::: Data under study
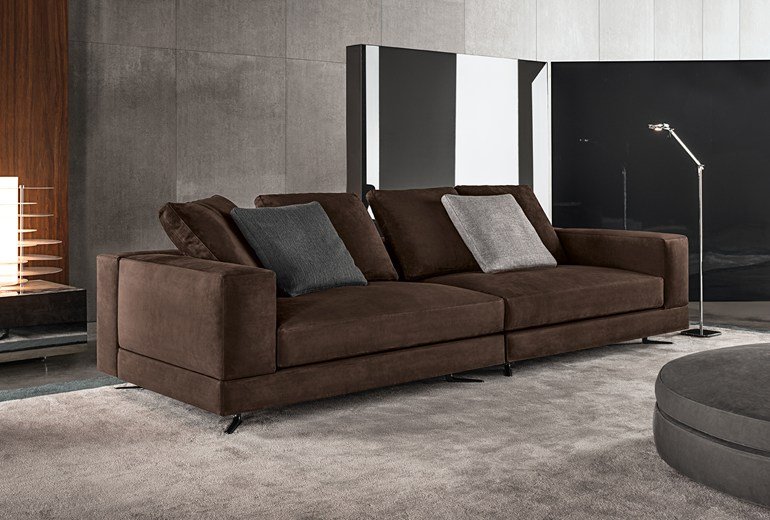 minotti living divani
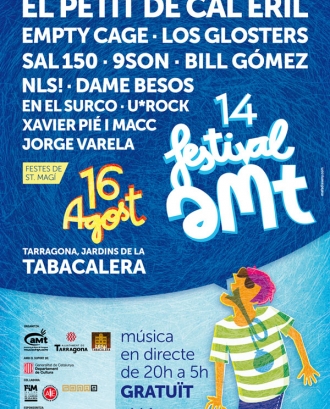 Cartell 14è Festival aMt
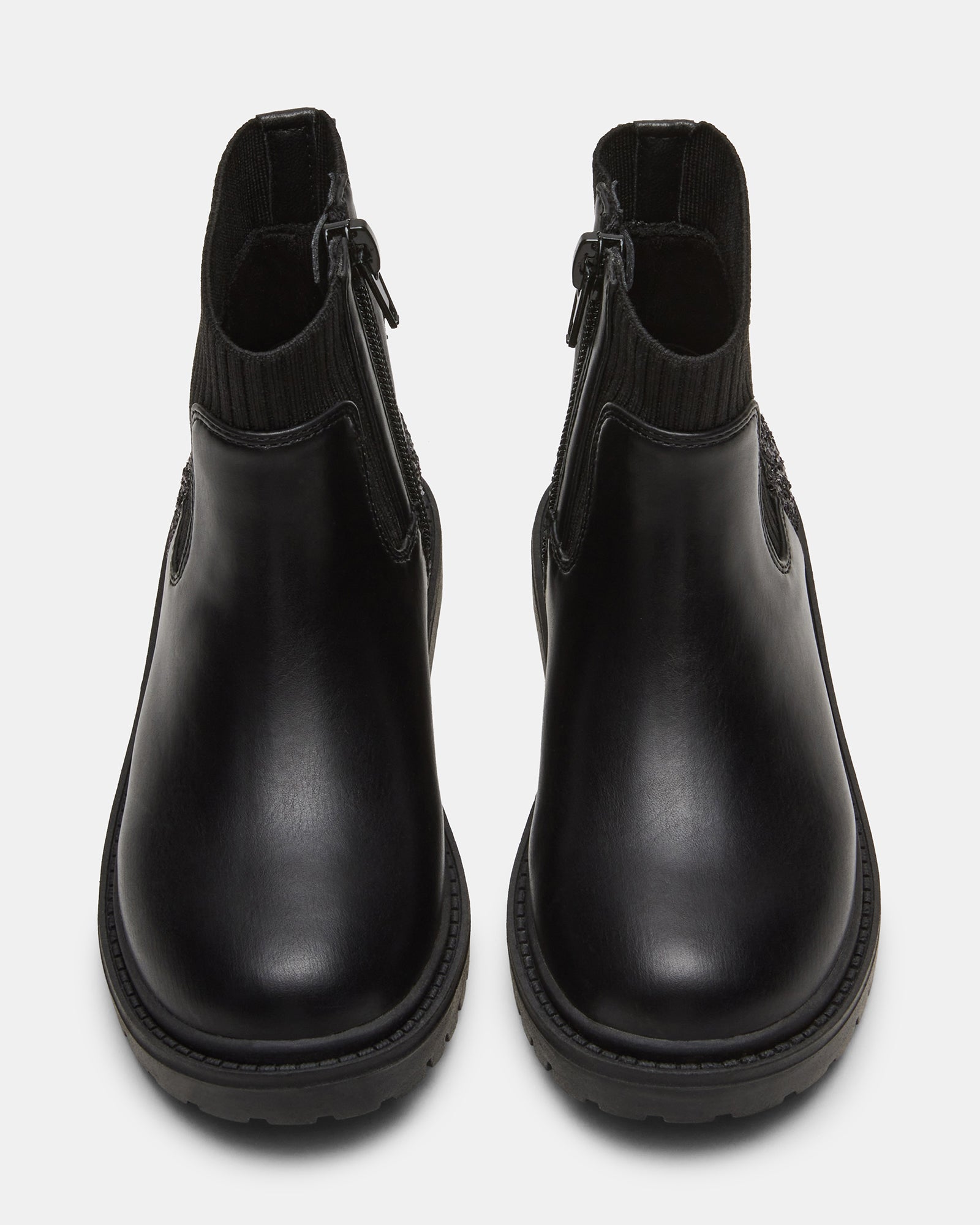 TODDLERS' LILYANA BLACK GLITTER - Image 4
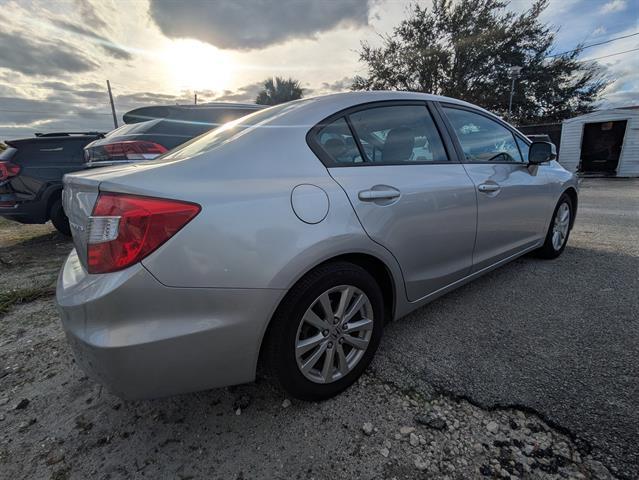 used 2012 Honda Civic car, priced at $9,445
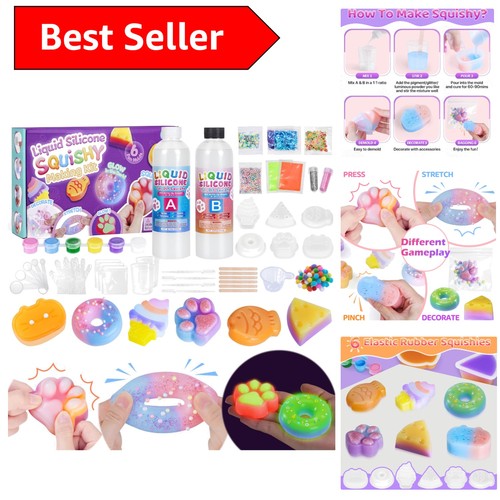 Glow the dark squishy - glow-in-the-dark,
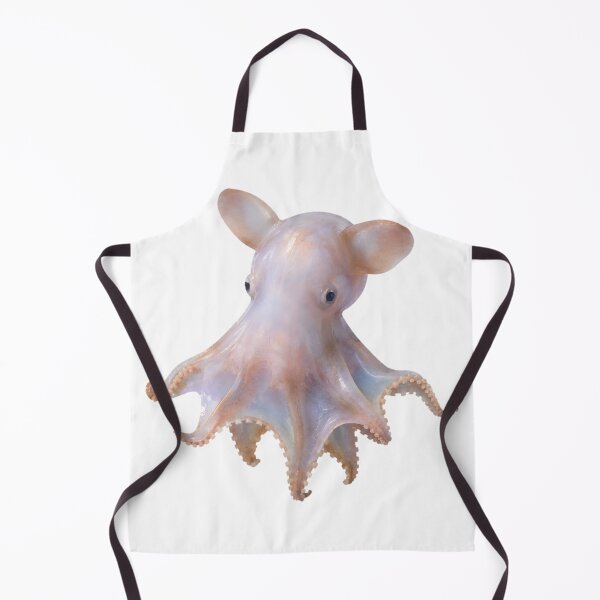 Item preview, Dumbo Octopus Grimpoteuthis Deep Sea Print designed and sold by Helt-enkelt.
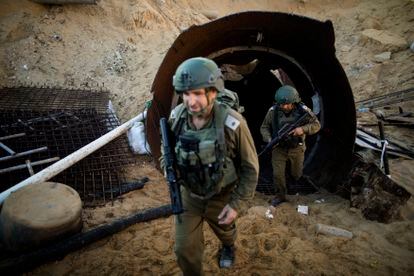Israel finds large tunnel adjacent to Gaza border, raising new questions  about prewar intelligence, International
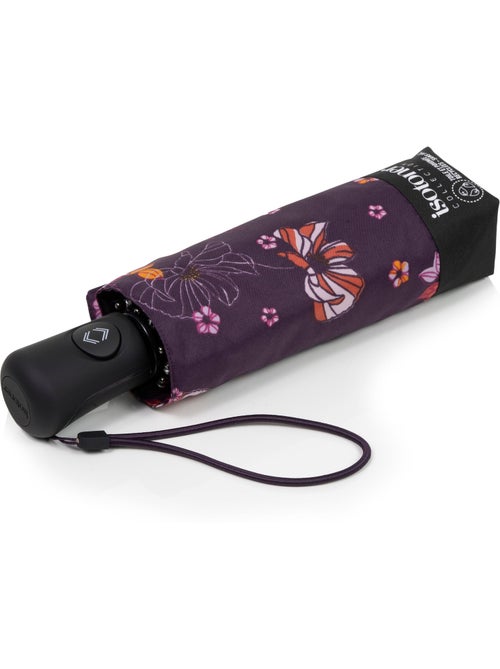 Parapluie solide, déperlant, large couverture 98 cm, mini 21cm et automatique femme isotoner - Kiabi Parapluie solide, déperlant, large couverture 98 cm, mini 21cm et automatique femme isotoner - Kiabi
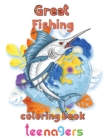 Image for Great Fishing Coloring Book Teenagers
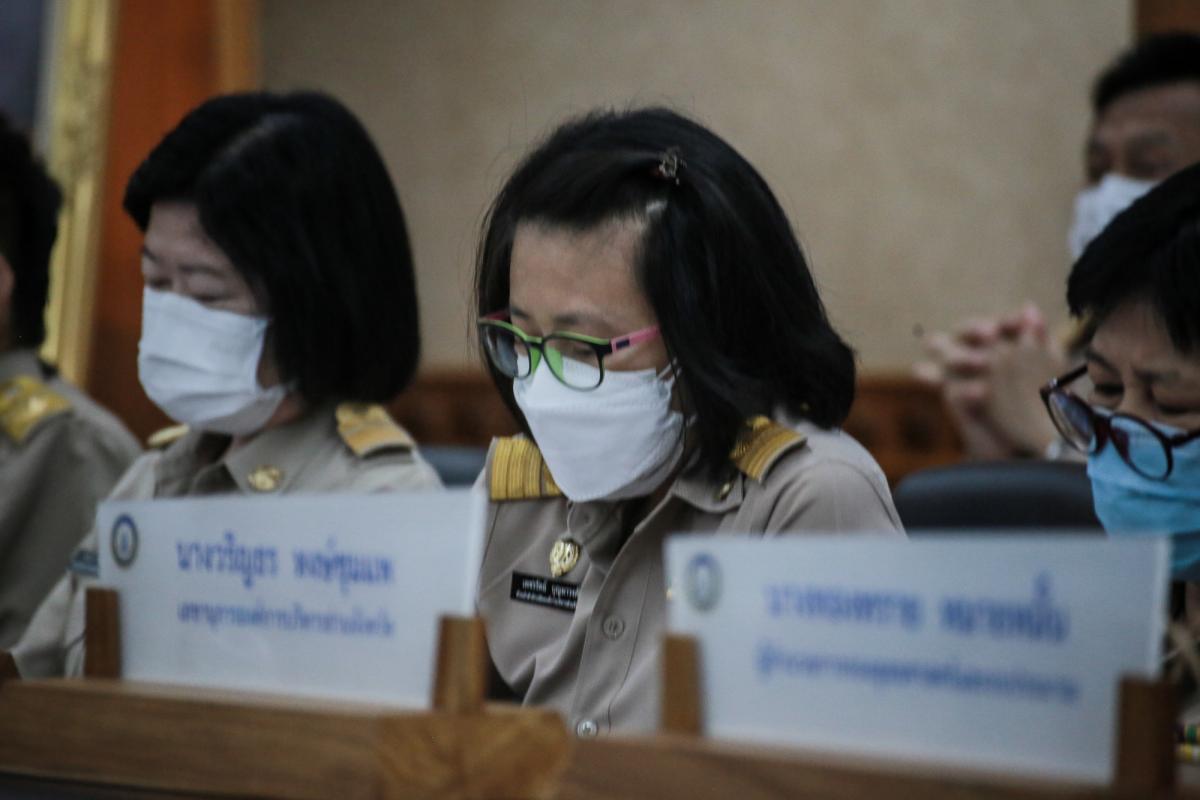 ประชุมสภาองค์การบริหารส่วนจังหวัดตาก สมัยสามัญ สมัยที่ 1 ครั้งที่ 2 ประจำปี 2565 ณ ห้องประชุมสภาองค์การบริหารส่วนจังหวัดตาก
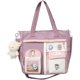 thumbnail image 1 of Bolso cruzado Kawaii, bolso de hombro bonito a la moda, mochila para portátil con bonitos alfileres y muñecos de peluche, bolso de mano diario de viaje para mujeres y niñas, 1 of 2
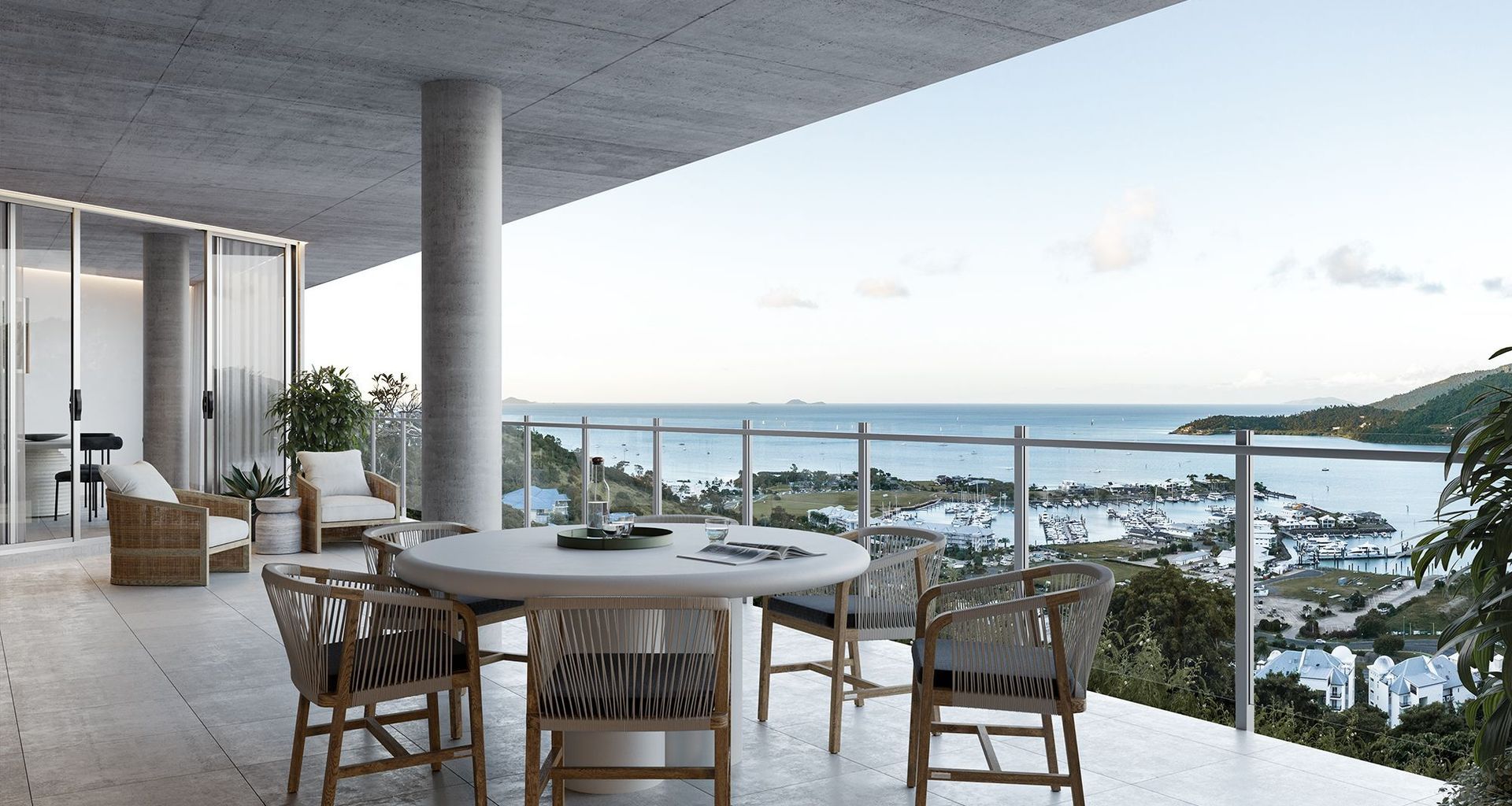 Mt Whitsunday Residences Airlie Beach Qld banner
::::::
- _Your objective_
The copy must begin with the line containing "Image for Great", end with the last line of the material, match each line exactly, and hold no pictures.

- _Finished task_
 Image for Great Fishing Coloring Book Teenagers
 ประชุมสภาองค์การบริหารส่วนจังหวัดตาก สมัยสามัญ สมัยที่ 1 ครั้งที่ 2 ประจำปี 2565 ณ ห้องประชุมสภาองค์การบริหารส่วนจังหวัดตาก
 thumbnail image 1 of Bolso cruzado Kawaii, bolso de hombro bonito a la moda, mochila para portátil con bonitos alfileres y muñecos de peluche, bolso de mano diario de viaje para mujeres y niñas, 1 of 2
 Mt Whitsunday Residences Airlie Beach Qld banner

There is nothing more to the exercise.